* Data in this exercise:
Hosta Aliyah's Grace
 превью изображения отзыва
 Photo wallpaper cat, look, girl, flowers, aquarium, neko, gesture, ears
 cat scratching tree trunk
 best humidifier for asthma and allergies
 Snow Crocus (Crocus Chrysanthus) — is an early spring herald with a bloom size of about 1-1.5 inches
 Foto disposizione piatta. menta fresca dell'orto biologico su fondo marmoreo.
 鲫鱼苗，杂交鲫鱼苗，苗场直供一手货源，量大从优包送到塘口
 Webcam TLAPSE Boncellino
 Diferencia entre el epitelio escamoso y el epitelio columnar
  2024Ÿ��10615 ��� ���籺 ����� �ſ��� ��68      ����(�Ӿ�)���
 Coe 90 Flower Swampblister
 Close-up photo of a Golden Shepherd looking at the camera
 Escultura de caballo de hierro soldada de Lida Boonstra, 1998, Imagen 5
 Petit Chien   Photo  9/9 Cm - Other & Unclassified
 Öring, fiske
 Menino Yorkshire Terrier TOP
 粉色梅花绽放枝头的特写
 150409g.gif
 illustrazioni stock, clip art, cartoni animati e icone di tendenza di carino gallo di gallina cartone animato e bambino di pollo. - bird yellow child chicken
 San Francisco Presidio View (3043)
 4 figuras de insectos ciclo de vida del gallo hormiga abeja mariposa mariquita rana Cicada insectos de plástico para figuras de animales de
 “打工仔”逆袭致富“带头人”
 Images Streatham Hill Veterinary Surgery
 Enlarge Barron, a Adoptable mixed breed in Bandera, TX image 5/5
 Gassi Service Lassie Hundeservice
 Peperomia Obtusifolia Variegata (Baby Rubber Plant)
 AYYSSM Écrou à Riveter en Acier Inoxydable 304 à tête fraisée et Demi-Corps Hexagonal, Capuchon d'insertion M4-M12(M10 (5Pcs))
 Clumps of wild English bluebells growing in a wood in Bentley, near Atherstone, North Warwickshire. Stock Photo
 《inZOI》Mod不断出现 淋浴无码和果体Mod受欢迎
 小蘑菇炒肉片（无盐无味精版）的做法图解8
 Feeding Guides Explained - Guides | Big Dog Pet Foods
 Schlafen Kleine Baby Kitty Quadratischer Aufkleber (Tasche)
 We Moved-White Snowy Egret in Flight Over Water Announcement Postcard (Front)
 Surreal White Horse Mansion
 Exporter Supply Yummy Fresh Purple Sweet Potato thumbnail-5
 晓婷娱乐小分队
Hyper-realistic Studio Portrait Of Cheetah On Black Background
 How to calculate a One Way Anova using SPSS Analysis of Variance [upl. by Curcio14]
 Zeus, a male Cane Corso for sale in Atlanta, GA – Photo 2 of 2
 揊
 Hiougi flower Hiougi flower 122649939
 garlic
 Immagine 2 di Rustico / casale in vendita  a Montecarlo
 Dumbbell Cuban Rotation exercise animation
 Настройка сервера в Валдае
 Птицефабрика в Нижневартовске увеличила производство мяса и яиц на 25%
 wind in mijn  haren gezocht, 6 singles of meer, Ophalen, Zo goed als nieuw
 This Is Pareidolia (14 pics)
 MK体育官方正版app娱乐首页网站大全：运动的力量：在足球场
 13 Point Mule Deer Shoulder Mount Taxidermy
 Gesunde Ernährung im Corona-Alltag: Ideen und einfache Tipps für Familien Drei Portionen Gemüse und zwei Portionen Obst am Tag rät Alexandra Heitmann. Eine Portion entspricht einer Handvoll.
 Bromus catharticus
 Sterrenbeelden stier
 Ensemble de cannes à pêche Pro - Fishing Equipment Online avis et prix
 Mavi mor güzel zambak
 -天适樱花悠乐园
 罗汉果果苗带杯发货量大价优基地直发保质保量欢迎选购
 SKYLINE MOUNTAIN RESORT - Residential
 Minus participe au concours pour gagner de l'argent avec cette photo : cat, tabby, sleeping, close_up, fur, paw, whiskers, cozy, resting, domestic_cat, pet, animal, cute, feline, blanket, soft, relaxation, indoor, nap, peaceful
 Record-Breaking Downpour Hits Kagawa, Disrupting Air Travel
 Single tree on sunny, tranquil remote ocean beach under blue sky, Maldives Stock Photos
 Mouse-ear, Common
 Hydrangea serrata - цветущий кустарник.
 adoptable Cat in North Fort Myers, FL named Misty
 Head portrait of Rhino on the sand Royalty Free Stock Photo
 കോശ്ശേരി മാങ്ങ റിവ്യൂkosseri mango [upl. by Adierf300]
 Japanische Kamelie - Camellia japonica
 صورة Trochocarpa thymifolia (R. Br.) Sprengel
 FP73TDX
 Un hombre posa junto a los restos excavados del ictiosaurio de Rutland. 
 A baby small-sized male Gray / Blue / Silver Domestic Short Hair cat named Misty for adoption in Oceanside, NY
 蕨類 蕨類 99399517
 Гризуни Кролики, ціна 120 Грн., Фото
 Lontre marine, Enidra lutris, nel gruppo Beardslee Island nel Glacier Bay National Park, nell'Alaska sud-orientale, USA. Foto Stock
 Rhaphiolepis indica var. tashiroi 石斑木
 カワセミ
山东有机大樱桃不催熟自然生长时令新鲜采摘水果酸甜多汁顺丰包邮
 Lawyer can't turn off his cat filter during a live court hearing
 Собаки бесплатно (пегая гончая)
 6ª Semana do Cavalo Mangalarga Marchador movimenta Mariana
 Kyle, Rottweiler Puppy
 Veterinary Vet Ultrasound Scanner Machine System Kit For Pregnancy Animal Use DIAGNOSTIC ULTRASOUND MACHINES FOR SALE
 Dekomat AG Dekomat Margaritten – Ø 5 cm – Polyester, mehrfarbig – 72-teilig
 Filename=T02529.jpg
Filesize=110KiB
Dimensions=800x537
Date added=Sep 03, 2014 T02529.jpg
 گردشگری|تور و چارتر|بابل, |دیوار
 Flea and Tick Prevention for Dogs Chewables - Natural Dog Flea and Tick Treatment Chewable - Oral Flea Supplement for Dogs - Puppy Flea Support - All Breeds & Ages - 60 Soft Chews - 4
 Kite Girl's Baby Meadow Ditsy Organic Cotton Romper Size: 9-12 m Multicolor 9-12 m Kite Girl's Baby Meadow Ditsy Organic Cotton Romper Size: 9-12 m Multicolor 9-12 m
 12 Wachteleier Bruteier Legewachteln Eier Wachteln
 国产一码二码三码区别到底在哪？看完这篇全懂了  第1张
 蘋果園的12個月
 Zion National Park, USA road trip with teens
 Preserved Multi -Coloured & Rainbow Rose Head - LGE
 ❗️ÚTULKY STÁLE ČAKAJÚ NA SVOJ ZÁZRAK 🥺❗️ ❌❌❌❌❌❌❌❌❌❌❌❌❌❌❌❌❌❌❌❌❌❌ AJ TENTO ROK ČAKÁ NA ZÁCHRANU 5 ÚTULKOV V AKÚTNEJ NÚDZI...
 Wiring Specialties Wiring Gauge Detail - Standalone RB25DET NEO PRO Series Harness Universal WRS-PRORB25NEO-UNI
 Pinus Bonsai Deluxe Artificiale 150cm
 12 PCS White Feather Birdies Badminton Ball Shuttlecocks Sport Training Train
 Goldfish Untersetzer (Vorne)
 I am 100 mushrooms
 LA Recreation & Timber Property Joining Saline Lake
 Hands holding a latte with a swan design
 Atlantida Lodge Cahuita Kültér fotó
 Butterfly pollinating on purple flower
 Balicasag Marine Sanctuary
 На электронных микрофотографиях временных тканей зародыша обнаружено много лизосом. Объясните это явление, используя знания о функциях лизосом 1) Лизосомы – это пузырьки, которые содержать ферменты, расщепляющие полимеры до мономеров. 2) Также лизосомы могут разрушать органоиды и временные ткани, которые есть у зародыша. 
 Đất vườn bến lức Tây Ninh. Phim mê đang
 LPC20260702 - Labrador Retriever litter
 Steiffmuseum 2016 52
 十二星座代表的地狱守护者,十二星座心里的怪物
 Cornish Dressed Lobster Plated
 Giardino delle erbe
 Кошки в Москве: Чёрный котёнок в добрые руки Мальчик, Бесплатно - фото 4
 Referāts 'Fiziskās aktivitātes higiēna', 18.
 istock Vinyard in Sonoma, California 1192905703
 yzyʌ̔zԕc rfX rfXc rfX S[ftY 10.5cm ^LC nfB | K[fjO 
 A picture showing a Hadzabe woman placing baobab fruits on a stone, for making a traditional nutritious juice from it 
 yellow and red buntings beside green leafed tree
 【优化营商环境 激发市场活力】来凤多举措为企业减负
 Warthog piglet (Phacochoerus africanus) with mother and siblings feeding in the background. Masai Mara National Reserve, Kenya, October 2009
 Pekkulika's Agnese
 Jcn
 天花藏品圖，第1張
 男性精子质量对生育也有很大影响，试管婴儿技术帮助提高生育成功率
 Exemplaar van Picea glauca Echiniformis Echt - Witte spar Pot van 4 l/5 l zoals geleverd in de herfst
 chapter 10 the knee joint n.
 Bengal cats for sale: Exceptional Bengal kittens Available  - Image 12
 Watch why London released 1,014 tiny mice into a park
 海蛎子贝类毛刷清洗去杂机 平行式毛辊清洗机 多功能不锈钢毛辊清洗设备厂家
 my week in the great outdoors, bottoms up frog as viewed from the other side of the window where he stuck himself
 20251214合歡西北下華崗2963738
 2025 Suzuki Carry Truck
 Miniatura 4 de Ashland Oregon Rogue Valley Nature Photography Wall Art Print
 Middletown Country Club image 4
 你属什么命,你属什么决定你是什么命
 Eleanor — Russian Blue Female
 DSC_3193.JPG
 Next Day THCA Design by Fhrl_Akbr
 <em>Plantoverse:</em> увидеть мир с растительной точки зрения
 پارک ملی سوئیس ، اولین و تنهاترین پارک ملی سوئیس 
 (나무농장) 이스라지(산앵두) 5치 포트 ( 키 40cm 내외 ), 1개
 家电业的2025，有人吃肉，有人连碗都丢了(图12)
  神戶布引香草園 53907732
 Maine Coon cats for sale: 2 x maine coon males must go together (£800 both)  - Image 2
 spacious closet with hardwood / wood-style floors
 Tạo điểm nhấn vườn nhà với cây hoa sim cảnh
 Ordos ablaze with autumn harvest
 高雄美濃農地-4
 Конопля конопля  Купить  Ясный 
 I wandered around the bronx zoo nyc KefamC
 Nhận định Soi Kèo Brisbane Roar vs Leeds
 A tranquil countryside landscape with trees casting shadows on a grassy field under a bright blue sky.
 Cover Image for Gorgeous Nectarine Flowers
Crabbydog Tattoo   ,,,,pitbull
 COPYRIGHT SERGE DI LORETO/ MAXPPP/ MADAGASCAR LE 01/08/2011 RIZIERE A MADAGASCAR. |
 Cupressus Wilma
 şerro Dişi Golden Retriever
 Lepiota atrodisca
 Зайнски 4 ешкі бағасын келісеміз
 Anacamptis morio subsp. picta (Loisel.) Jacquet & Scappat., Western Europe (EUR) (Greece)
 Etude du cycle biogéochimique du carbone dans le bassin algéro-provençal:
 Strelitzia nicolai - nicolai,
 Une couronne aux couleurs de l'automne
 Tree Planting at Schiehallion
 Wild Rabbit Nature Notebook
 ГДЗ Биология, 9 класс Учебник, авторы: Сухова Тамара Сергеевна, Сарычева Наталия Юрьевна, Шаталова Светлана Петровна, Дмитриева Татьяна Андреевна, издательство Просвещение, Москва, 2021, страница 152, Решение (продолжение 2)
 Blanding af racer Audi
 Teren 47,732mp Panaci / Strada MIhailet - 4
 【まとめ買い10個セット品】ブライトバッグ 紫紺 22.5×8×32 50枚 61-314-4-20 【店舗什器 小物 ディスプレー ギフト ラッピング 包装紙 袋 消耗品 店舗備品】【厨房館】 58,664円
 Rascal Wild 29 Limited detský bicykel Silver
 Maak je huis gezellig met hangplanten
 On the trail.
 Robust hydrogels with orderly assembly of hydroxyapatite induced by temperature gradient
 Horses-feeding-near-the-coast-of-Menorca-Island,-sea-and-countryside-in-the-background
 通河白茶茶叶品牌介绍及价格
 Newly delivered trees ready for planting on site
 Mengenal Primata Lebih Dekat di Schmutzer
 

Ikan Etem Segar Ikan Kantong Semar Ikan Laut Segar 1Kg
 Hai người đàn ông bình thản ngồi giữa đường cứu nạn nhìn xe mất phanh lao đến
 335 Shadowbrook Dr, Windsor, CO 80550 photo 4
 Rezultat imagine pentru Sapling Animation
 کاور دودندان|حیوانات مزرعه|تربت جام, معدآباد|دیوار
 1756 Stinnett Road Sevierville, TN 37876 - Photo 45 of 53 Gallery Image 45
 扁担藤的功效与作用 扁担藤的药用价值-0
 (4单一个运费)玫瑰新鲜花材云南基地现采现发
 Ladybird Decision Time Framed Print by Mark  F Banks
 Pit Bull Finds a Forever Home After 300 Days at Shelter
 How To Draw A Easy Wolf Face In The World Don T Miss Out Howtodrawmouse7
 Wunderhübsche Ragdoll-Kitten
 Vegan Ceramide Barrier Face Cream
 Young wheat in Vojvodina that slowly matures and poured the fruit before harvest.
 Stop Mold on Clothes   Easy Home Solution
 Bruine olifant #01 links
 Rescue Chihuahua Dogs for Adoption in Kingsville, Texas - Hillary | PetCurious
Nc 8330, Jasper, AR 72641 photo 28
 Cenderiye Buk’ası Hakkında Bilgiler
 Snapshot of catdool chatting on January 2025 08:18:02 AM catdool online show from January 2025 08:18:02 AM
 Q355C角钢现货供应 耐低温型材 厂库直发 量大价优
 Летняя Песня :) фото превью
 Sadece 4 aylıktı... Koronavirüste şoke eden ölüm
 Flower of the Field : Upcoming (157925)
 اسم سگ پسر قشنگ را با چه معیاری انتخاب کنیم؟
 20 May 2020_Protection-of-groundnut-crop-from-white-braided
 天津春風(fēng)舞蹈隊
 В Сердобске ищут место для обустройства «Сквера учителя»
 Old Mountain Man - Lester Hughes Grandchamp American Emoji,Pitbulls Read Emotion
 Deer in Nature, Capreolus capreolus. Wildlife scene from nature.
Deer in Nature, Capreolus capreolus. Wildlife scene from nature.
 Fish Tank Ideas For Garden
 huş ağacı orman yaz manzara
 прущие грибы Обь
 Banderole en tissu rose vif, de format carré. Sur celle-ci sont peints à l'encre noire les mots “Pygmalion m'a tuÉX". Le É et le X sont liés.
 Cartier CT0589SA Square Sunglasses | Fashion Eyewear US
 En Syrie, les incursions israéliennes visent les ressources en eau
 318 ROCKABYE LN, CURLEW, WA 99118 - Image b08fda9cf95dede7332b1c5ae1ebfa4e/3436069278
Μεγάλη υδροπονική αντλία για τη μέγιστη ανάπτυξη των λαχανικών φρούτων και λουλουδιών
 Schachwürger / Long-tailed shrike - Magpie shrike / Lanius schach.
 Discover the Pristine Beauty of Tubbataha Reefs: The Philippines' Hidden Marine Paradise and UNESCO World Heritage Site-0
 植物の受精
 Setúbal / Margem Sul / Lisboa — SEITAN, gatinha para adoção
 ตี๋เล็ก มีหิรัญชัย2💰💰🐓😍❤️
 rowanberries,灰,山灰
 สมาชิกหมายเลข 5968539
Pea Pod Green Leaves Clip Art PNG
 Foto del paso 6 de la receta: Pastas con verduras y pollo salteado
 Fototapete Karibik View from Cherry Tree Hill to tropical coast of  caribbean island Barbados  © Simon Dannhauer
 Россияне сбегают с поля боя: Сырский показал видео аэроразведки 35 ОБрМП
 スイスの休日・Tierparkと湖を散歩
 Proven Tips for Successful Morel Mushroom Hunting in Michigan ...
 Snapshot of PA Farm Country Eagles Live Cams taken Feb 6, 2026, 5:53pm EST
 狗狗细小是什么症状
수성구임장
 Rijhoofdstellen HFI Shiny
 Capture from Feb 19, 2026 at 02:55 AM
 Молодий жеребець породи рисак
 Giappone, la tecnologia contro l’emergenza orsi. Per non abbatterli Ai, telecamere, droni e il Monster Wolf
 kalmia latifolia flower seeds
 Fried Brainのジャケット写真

* Problem details:
Your task is to transcribe, with no changes, only the lines of the listing above that lie between the line holding "Öring, fiske" and the line holding "San Francisco Presidio View (3043)", inclusive.

* Response box:
 Öring, fiske
 Menino Yorkshire Terrier TOP
 粉色梅花绽放枝头的特写
 150409g.gif
 illustrazioni stock, clip art, cartoni animati e icone di tendenza di carino gallo di gallina cartone animato e bambino di pollo. - bird yellow child chicken
 San Francisco Presidio View (3043)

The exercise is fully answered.